Devolver a festa ao povo
As celebrações do primeiro ciclo das festas de inverno têm vindo a ser recuperadas em vários pontos da Terra Fria, possivelmente por causa da dinâmica e importância que as máscaras e os mascarados estão a assumir, no país e no mundo António Tiza revela que, Pinela, em Bragança, foi uma das localidades que quis devolver a festa ao povo.

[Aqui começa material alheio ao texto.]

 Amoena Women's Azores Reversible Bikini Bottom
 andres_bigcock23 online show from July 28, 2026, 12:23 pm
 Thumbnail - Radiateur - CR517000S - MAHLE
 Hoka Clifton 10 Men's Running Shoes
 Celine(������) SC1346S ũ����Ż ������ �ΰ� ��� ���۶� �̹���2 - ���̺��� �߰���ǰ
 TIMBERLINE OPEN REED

A celebração, no dia de Natal, foi recuperada há meia dúzia de anos e tem como essência um charolo de roscas, que também existe em Parada e Outeiro. Mogadouro também tem, pelo menos, duas tradições renascidas: o careto de Valverde, na freguesia que lhe dá nome, e Vilarinho dos Galegos vê novamente na agenda das festas de inverno o mascarão e a mascarinha, figuras que saem no dia reis para pedir esmola para o Menino Jesus. Já em Miranda do Douro, o velho e a galdrapada, de São Pedro da Silva, é outra das celebrações recuperadas.

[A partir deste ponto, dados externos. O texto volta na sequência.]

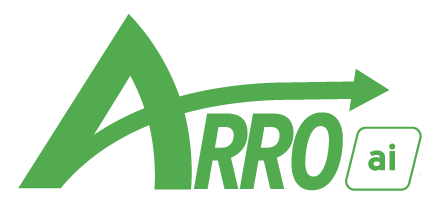 Arro.ai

Há careto ou não há careto?
As festividades têm, em várias aldeias, a presença de mascarados mas não é obrigatório. Contudo, António Tiza está convicto que nem sempre assim foi e que noutros tempos, dos quais não há registo nem memória, os caretos integrariam todas as celebrações onde quer que acontecessem. Ora veja-se: não há grandes diferenças entre a alta e a baixa Lombada, em Bragança, mas a verdade é que Guadramil, já no extremo da alta, teve uma festa com mascarados, perdida nos anos 50. Se Guadramil teve e se, ainda agora, Aveleda, Rio de Onor e Varge têm, porquê razão Babe, Deilão e São Julião, que mantêm apenas a festa sem os caretos, não haveriam de ter tido? Alfaião é outro bom exemplo. Segundo o livro “Máscaras Portuguesas”, de Benjamim Pereira, publicado em começos dos anos 70, é mencionado o mascarado de Alfaião mas, apesar de tudo, hoje a festa faz-se sem a sua figura.
Ainda assim, com ou sem o rosto a nu, a Terra Fria vive, por estes dias, celebrações, cuja origem se perde na memória do tempo, que são como que um cartão de identidade destas nossas terras.